Sterngard Friegen wrote:
The nuclear airplane was obsoleted by the satellite. Had there been no satellites, an ultra high flying nuclear airplane would have been invaluable.
JFK killed the nuclear airplane before we or anybody else had a strong satellite program. Sputnik had not yet been launched when work began on the nuclear airplane. This was a plan laid before the first atomic bombs were dropped; Fermi was one of those who thought it would work. It was a period in which nuclear energy was seen as ubiquitous and ridiculously cheap in the near future. (In fact, design work began on a nuclear submarine before Pearl Harbor. Visit Groton, CT, for a tour and more info.)
The aircraft frame that was to be used was the B-36, which had a ceiling of just 39,900 ft.
"Flying on Nuclear, The American Effort to Built a Nuclear Powered Bomber". It was not designed to be a high flying nuclear airplane; it was just an enormous airplane that could stay in the air while other airplanes descended for fuel and lubrication. Unlike in other airplanes, the crew of the nuclear airplane would have been confined to a highly-shielded, very small space:

I don't know whether America is ever again going to be in that kind of war (hope not). Such an airplane may now be irrelevant. In addition to nuclear submarines (also a Connecticut product), we now seem increasingly to depend on Stealth technologies and drones of several kinds, with a satellite system fully in place. The tale of the nuclear airplane is now mostly used to show the hazards of projects that are so secret that even the people who would supposedly use the aircraft don't know the project exists. Even in military work, science conducted in secret loses much of the strength of the scientific method.

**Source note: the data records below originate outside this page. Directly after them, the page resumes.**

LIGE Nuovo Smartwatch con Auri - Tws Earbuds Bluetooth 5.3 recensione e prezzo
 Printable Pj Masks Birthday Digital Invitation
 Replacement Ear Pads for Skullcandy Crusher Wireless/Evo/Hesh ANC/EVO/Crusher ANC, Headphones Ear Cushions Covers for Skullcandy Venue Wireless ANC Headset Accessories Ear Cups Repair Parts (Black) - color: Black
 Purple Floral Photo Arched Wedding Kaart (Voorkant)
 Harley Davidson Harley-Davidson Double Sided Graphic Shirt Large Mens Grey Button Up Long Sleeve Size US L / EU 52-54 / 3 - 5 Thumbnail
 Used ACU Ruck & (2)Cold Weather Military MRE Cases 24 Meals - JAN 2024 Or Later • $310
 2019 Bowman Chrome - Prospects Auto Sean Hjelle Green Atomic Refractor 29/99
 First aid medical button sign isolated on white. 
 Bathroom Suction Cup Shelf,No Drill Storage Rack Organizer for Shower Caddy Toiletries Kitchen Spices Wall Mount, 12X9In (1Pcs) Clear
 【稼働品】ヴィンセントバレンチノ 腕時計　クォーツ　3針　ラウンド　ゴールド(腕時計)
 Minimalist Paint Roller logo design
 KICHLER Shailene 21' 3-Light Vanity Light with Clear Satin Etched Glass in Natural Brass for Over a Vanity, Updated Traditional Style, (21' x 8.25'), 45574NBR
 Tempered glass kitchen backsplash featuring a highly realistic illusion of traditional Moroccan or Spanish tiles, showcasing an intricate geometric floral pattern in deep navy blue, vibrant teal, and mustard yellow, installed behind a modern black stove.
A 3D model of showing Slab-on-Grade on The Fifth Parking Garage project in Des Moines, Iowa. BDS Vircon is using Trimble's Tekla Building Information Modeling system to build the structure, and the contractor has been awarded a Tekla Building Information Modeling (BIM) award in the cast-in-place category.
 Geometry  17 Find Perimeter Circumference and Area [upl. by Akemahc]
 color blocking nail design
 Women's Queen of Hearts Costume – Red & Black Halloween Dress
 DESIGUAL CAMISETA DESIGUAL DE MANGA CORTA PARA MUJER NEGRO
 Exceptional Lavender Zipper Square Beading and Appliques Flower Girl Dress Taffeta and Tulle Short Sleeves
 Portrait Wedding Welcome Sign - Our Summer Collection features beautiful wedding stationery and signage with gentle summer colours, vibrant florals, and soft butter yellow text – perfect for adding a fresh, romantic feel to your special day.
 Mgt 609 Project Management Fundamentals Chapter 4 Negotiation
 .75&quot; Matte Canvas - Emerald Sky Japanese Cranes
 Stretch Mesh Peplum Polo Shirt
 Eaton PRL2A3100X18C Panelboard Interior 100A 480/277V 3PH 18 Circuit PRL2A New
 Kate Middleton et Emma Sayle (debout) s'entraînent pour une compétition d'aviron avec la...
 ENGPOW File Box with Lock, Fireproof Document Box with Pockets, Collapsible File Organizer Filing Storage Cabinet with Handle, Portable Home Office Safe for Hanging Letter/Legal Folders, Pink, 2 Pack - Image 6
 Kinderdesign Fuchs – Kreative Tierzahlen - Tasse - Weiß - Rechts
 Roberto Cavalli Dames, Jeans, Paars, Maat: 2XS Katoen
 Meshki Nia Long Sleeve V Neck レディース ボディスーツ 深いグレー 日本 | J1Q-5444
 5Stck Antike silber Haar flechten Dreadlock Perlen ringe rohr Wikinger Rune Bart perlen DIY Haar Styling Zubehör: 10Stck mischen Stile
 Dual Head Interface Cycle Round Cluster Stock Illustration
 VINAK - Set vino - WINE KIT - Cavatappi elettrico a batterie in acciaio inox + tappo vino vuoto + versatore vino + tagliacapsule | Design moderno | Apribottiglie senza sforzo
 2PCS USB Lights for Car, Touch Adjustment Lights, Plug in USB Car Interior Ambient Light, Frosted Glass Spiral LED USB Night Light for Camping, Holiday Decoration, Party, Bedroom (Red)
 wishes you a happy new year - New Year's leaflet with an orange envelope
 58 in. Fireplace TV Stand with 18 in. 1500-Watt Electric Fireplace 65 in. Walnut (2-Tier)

Herb York described the decision-making process as absurd.
Quote:
The story of the ANP, it seems to me, provides a classic illustration of some of the forces that drive the arms race onward. It involves partisan politics: Congress was controlled by the Democrats, the White House by the Republicans. It provides a classic example of the exploitation of the fears and anxieties of the public through the use of imaginary "intelligence." It shows how sincere people who badly want to be misled can easily mislead themselves: the so-called intelligence that was used as one of the arguments in support of a crash program by our side was based in part on technical articles which really did appear in the Soviet press about possible uses of atomic energy, including application of nuclear propulsion to aircraft. These articles were strictly theoretical, but it was quite easy for persons who wanted to believe that the Russians were ahead, to believe it with passion. The ANP story shows how an industrial organization, in this case General Electric, does not merely do what the government asks it to do, but rather works very hard through all possible channels to make sure that the government asks it to do what it wants to do in the first place. It shows how military advocates of programs, especially programs involving more than one agency, attempt to take advantage of all the internal rivalries and tensions which exist in order to find a successful path for the accomplishment of what they--very sincerely, to be sure--believe to be essential, and which they therefore believe justifies the use of any tactics to ensure that administrators will not be able "to put the budget ahead of survival."
This was the military-industrial complex about which Eisenhower warned in his Farewell Address. Jerome Wiesner, who had become a founding member of the Board of the MacArthur Foundation, used this story to illustrate how badly off track our international security programs, including academic programs, had gotten. He and Murray Gell-Mann were largely responsible for the Foundation's program that sought (successfully) to upend scholarship on international security, to take it from the hands of the bean counters (physicists) and the watchers of who stood near to whom on the balcony during the Moscow May Day parade (political scientists). That program produced the first academics who were willing to contemplate a world in which the U.S.S.R. had disappeared as a military power; this was heresy to the orthodox analysts, some of whom had supported projects like the nuclear airplane.
The project did leave a lasting mark: the Connecticut plant is still under NIOSH investigation for issues of worker safety. It was quite a project:
Connecticut Aircraft Nuclear Engine Lab - Middletown.
It is probably an absolute certainty that at least one equally foolish project is now underway in some corner of the Pentagon. It was probably underway when the DoD could not afford to provide armor for the Humvees that were blown up by early versions of what may be the "weapon of the 21st century," the sophisticated descendants of last century's IED's.